Tout le monde utilise des modèles tout le temps. Chaque personne dans sa vie privée et dans sa vie communautaire utilise des modèles pour la prise de décision. L’image mentale du monde qui nous entoure, portée dans la tête de chacun, est un modèle. On n’a pas une famille, une entreprise, une ville, un gouvernement ou un pays dans sa tête. On n’a sélectionné des concepts et des relations qu’on utilise pour représenter le système réel.

Et la grande question est de savoir d’où viennent ces « concepts sélectionnés ». J’ai l’impression que l’esprit de nos dirigeants est un mélange d’idées et de concepts greffés à partir de messages aléatoires qui viennent des médias. Nos dirigeants n’utilisent aucun modèle quantitatif pour prendre leurs décisions, seulement des caprices et des sentiments. C’est ainsi qu’une idée telle que Make America Great Again est née.

Le fait est qu’il semble exister une certaine convergence d’idées et de concepts dans le domaine des médias. D’une manière ou d’une autre, un consensus tend à apparaître et il est renforcé par la répétition. C’est ainsi que les dirigeants du monde ont tendance à supposer l’existence de certaines vérités évidentes, comme le fait que la croissance économique est toujours bonne.

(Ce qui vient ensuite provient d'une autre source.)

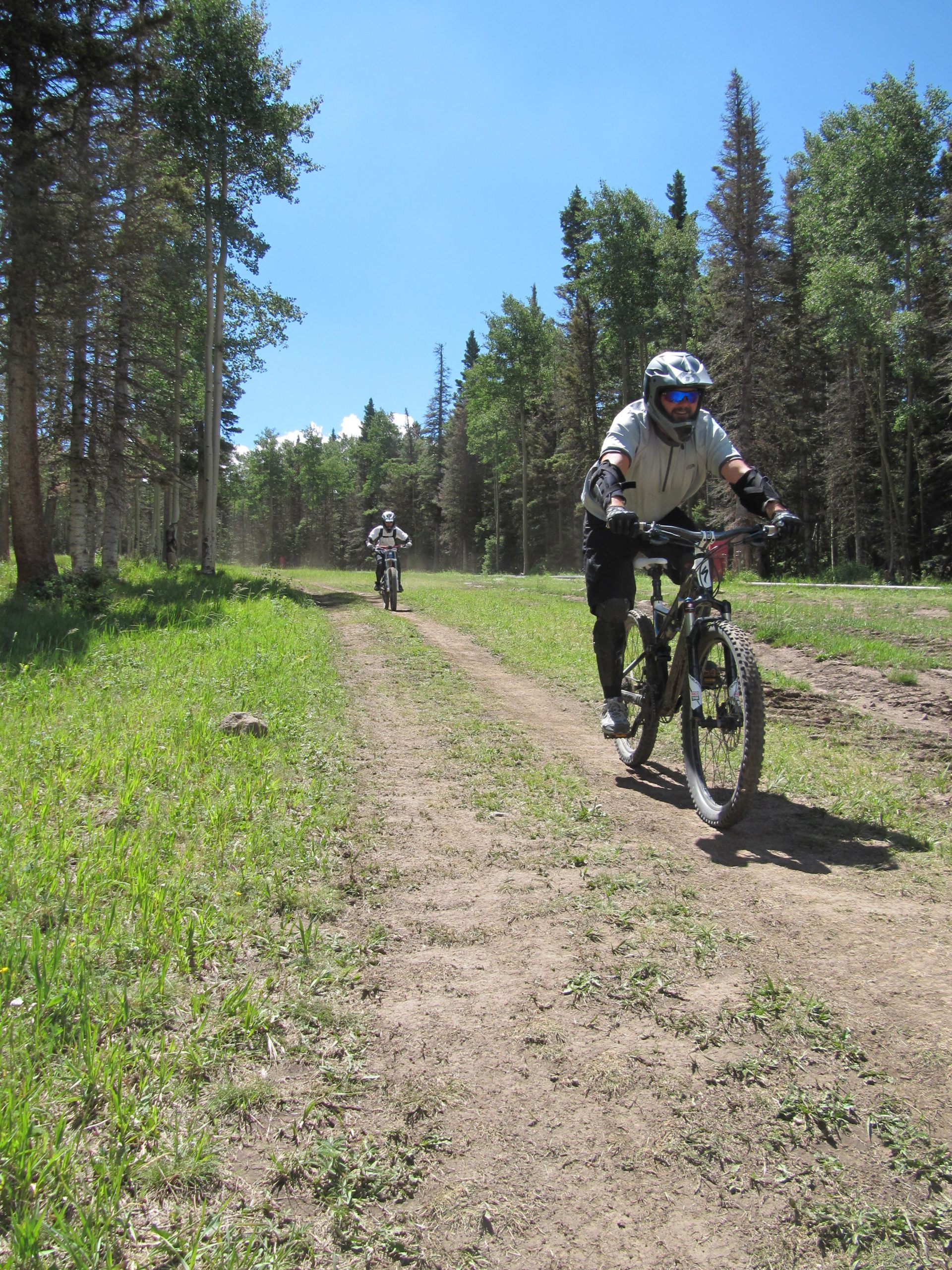 Two mountain bikers ride along a dirt path in a forested area. The sun shines brightly in a clear blue sky, and trees line both sides of the trail, creating a lush green landscape. One rider is closer to the foreground, wearing protective gear and a helmet, while the other is visible further down the path. Angel Fire Bike Park mountain bike trail.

L’article de Liebrich est un bon exemple de ce processus. Nous avons un article écrit par quelqu’un qui a de l’influence : il est collaborateur senior chez Bloomberg, et aussi ingénieur. Ce qui est le plus décourageant, c’est qu’il se base sur des idées à moitié cuites, des interprétations superficielles, des demi-vérités et des légendes. À titre d’exemple, nous lisons dans l’article que :

« … un groupe d’écologistes concernés, se faisant appeler le Club de Rome, a invité l’un des doyens du nouveau domaine de la modélisation informatique, Jay Forrester, à créer une simulation de l’économie mondiale et son interaction avec l’environnement. En 1972, sa merveilleuse boîte noire a produit un autre best-seller, ‘Les limites de la croissance’, qui prétendait prouver que presque toutes les combinaisons de paramètres économiques se soldaient non seulement par un ralentissement de la croissance, mais aussi par un dépassement des limites et un effondrement. Cette constatation, si agréable aux créateurs du modèle, découlait entièrement d’erreurs dans sa structure, comme l’a fait remarquer un jeune professeur d’économie de Yale, William Nordhaus, qui avait alors la tête fraîche. »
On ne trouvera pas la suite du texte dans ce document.